WORK REQUEST: Reproduce, word for word, the lines in the material below starting with the one that has "Detalle de corte y perfilado profesional" and going on through the one that has "Bán nhà nơ trang". Leave out all pictures.

RECORD EXCERPTS:
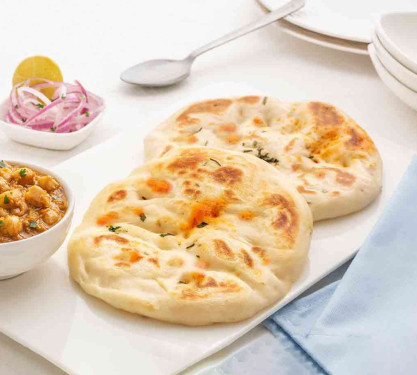 Chole Kulcha [2 Kulcha]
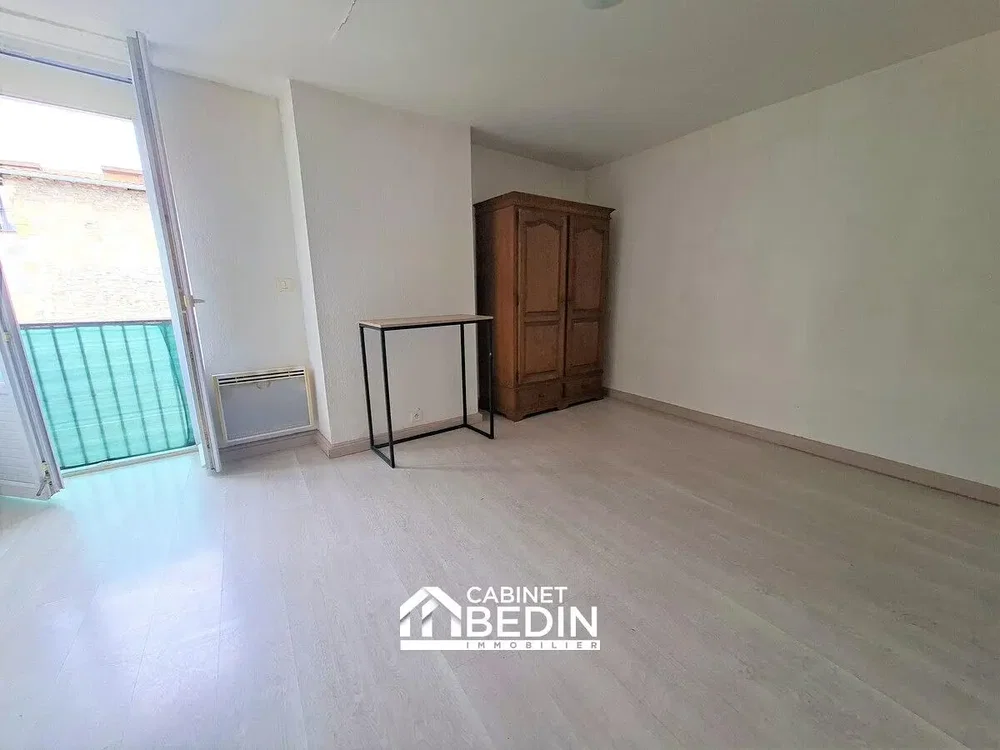 Bedroom; wood floor, natural light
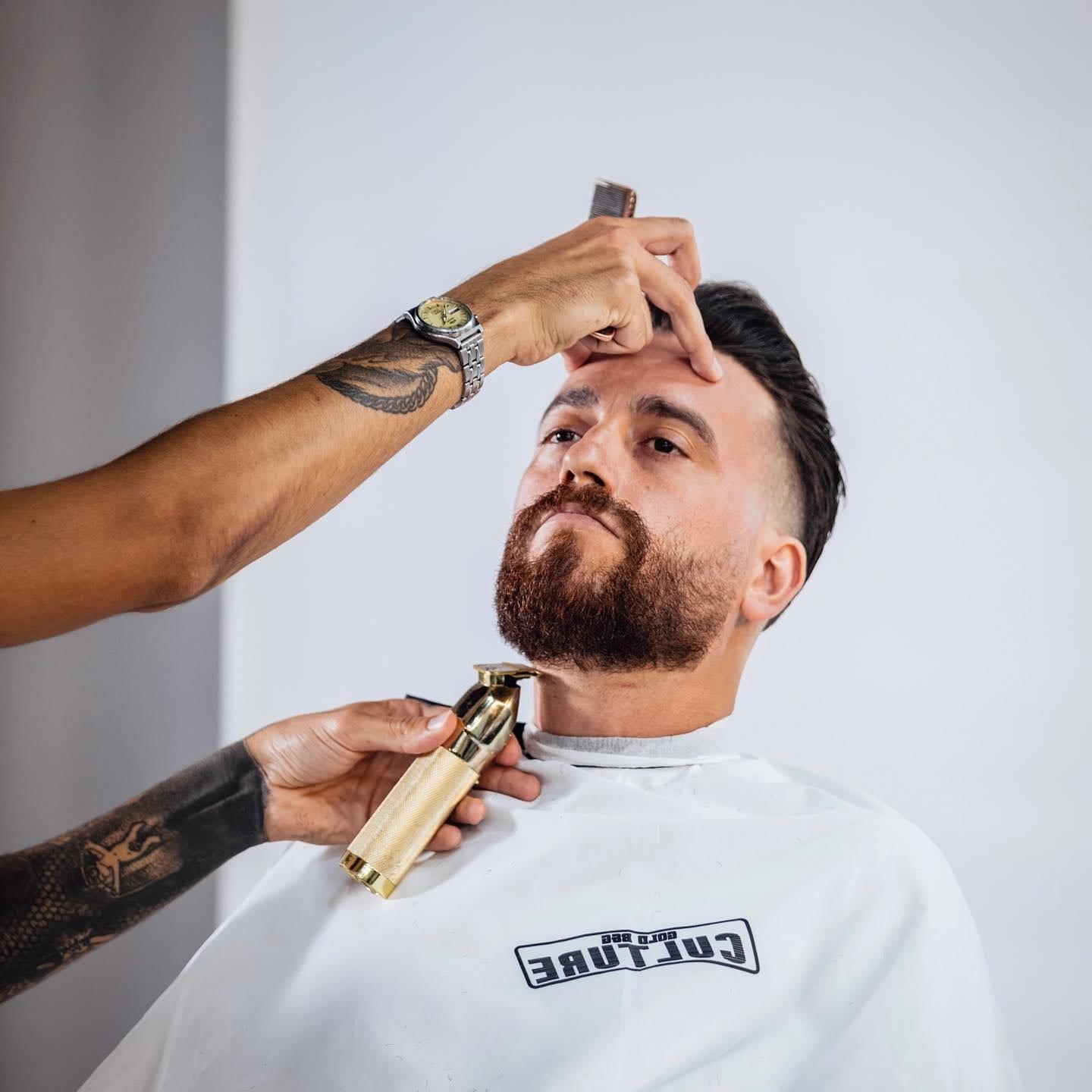 Detalle de corte y perfilado profesional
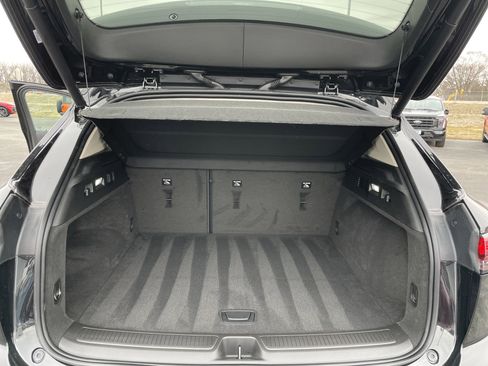 Used 2023 Buick Envision Essence w/ Technology Package I image 19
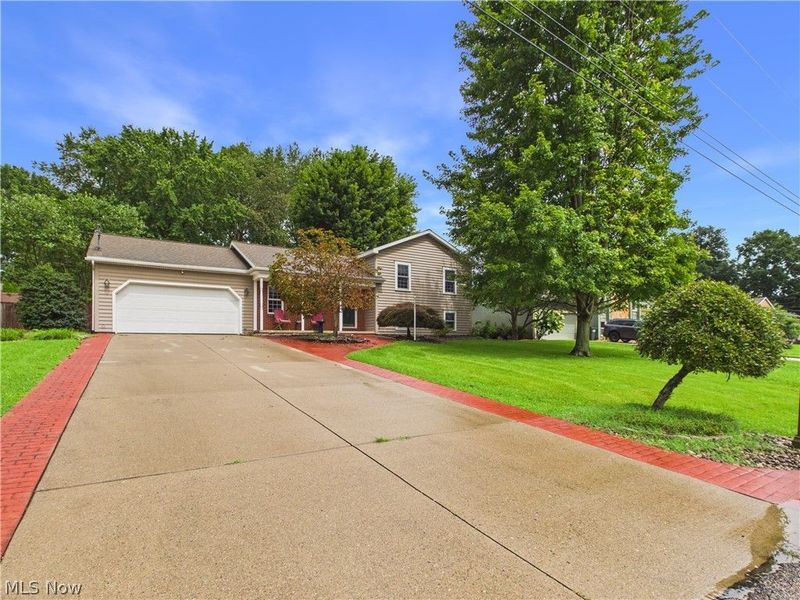 24 Maple Shade Drive, Marietta, OH 45750 Photo 2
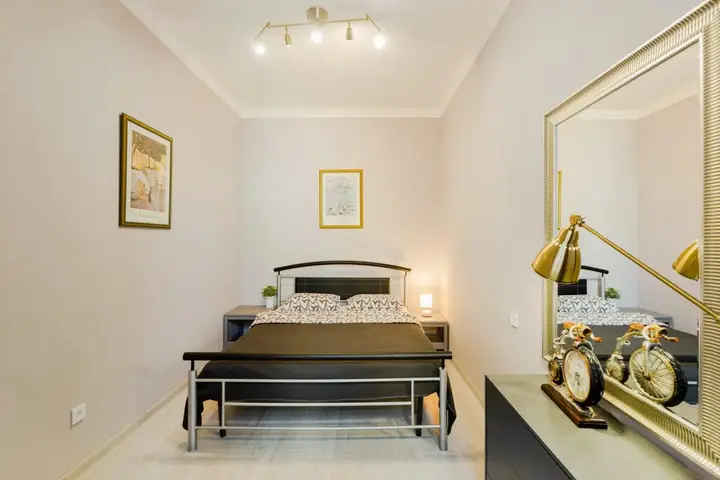Санкт-Петербург: Апартаменты SpbStay на Кирочной 6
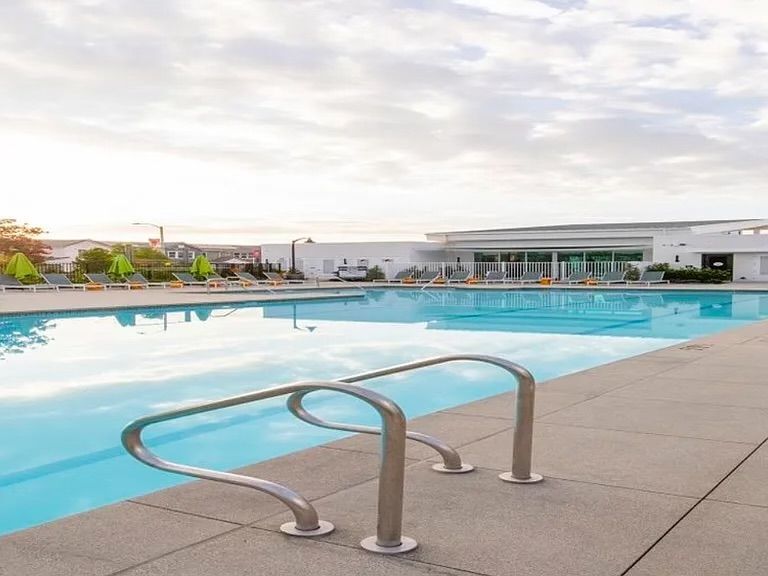 Building Photo - 2206 Yuzu St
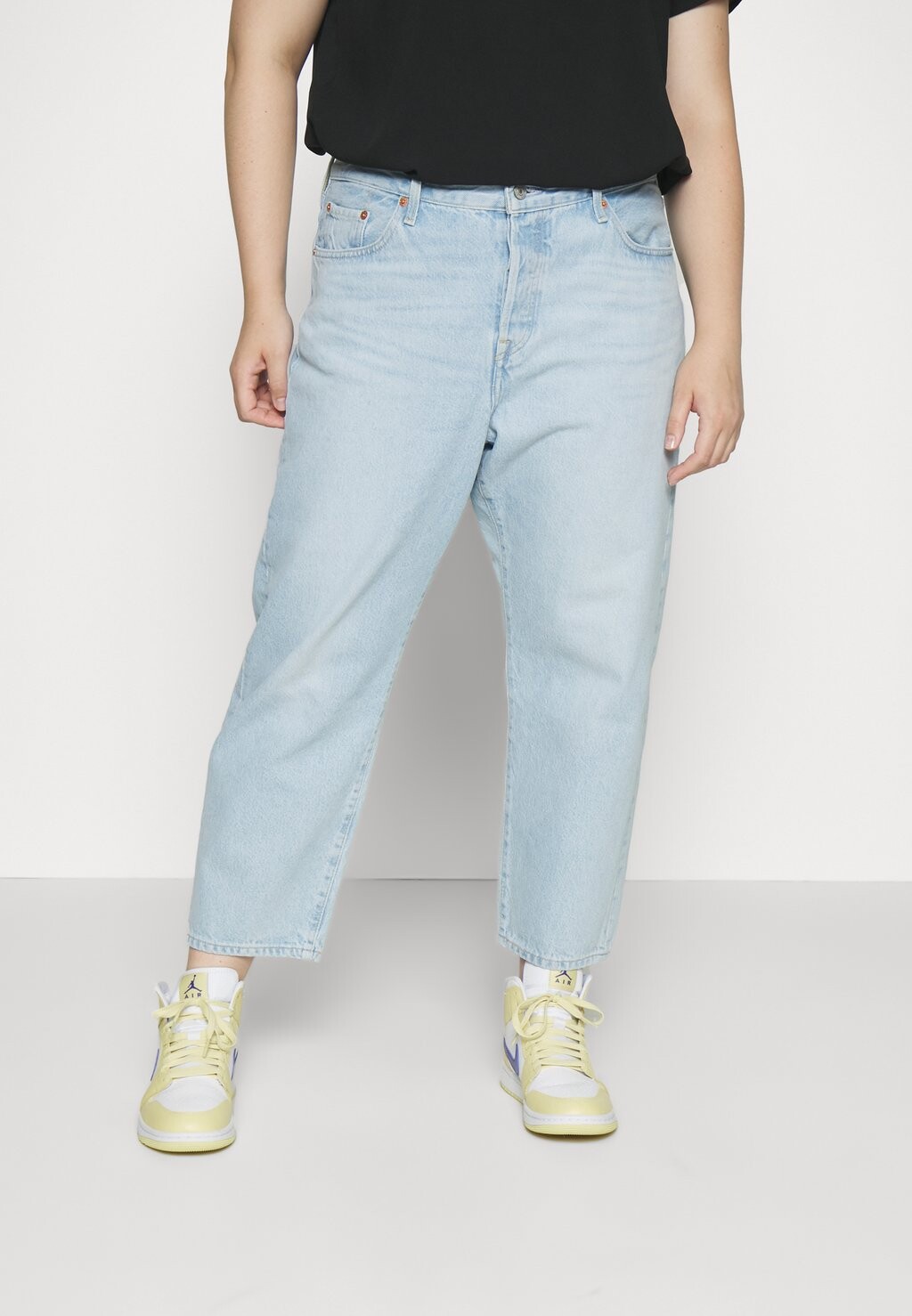 

Джинсы-сигареты Levi's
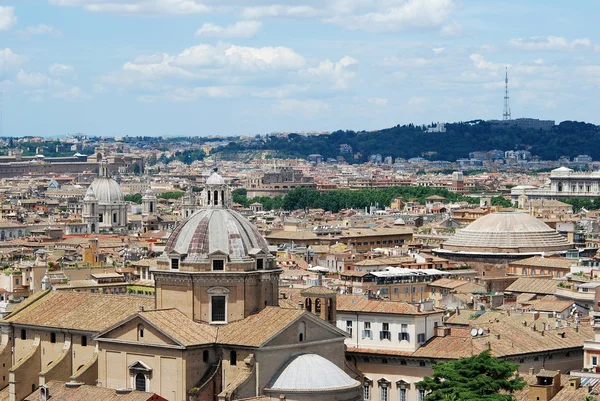 Luchtfoto van het Rome uit de vittorio emanuele monument — Stockfoto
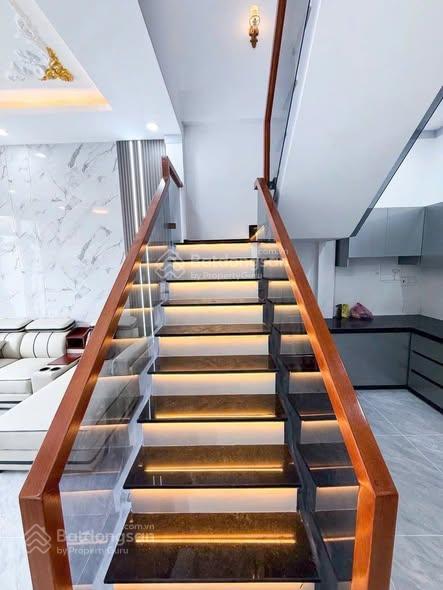 Bán nhà nơ trang long bình thạnh 56m2, ô tô đỗ cửa, sổ hoàn công đủ, hỗ trợ vay 80%, giá chỉ 6 tỷ
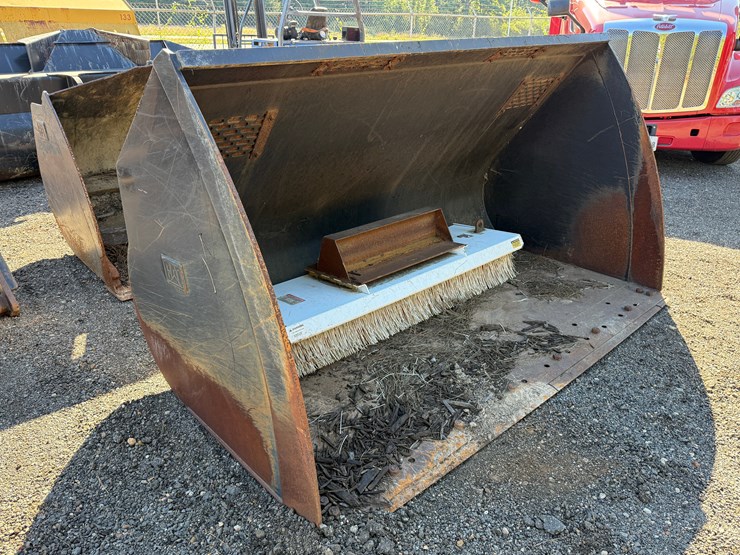 cat-part-#-345-2768-5.5-cu.yd.-106"-bucket-built-quick-coupler-ready-fits-wheel-loaders-image-3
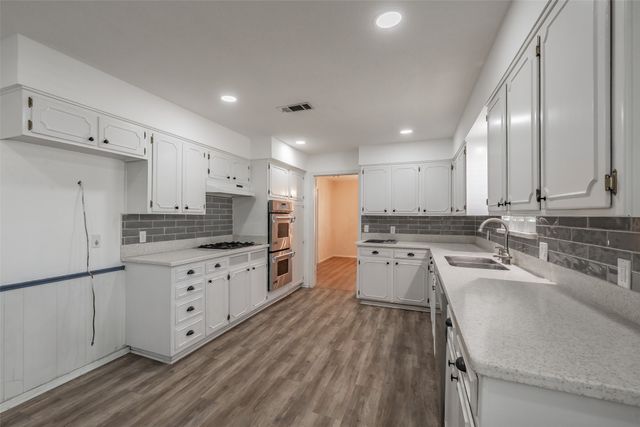 1718 Timbers Drive, Irving, TX 75061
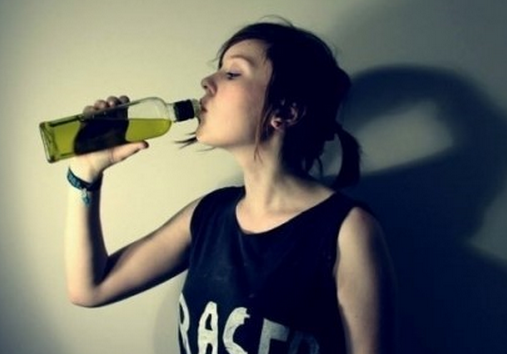 無論喝什么酒都要適量-喝酒能延壽是真假？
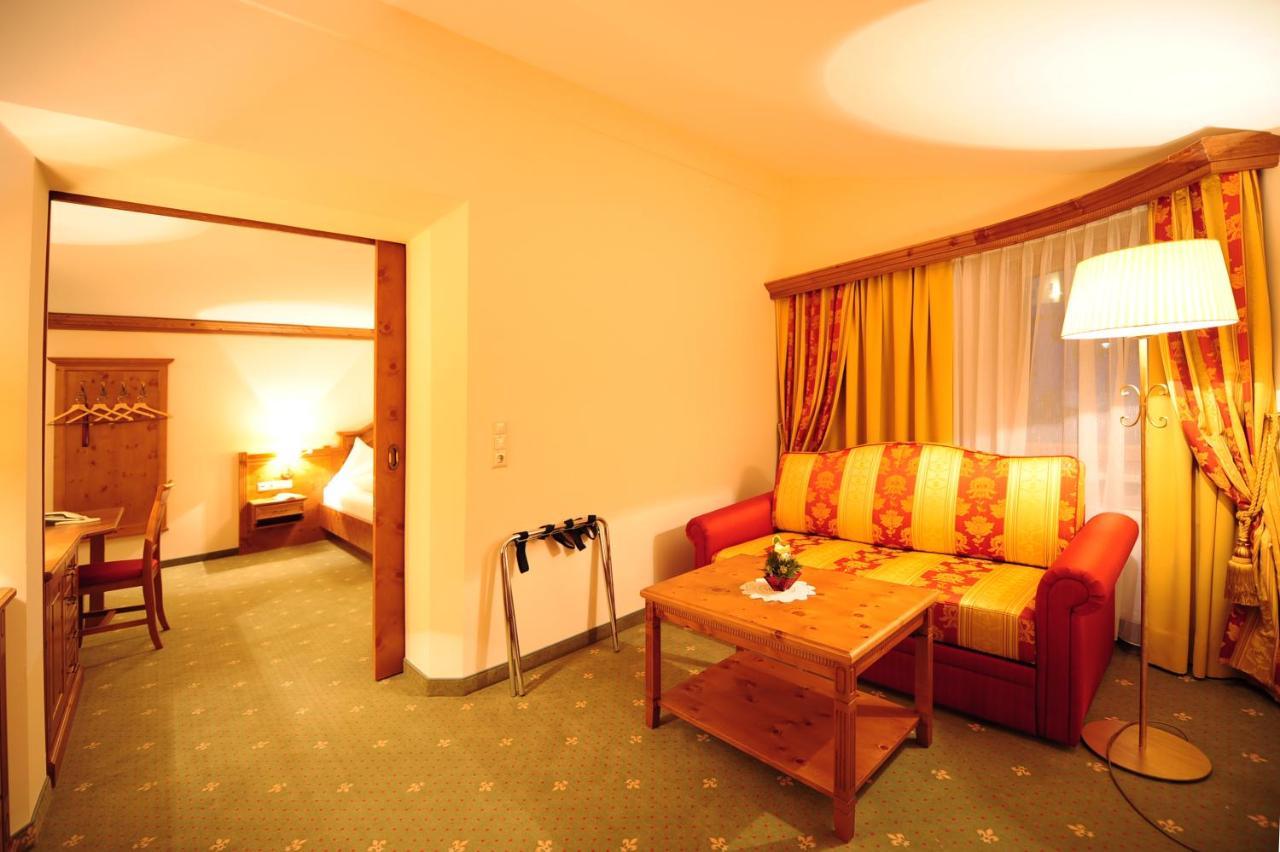 Hotel Max Зерфаус Екстериор снимка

FINISHED TASK:
 Detalle de corte y perfilado profesional
 Used 2023 Buick Envision Essence w/ Technology Package I image 19
 24 Maple Shade Drive, Marietta, OH 45750 Photo 2
Санкт-Петербург: Апартаменты SpbStay на Кирочной 6
 Building Photo - 2206 Yuzu St

Джинсы-сигареты Levi's
 Luchtfoto van het Rome uit de vittorio emanuele monument — Stockfoto
 Bán nhà nơ trang long bình thạnh 56m2, ô tô đỗ cửa, sổ hoàn công đủ, hỗ trợ vay 80%, giá chỉ 6 tỷ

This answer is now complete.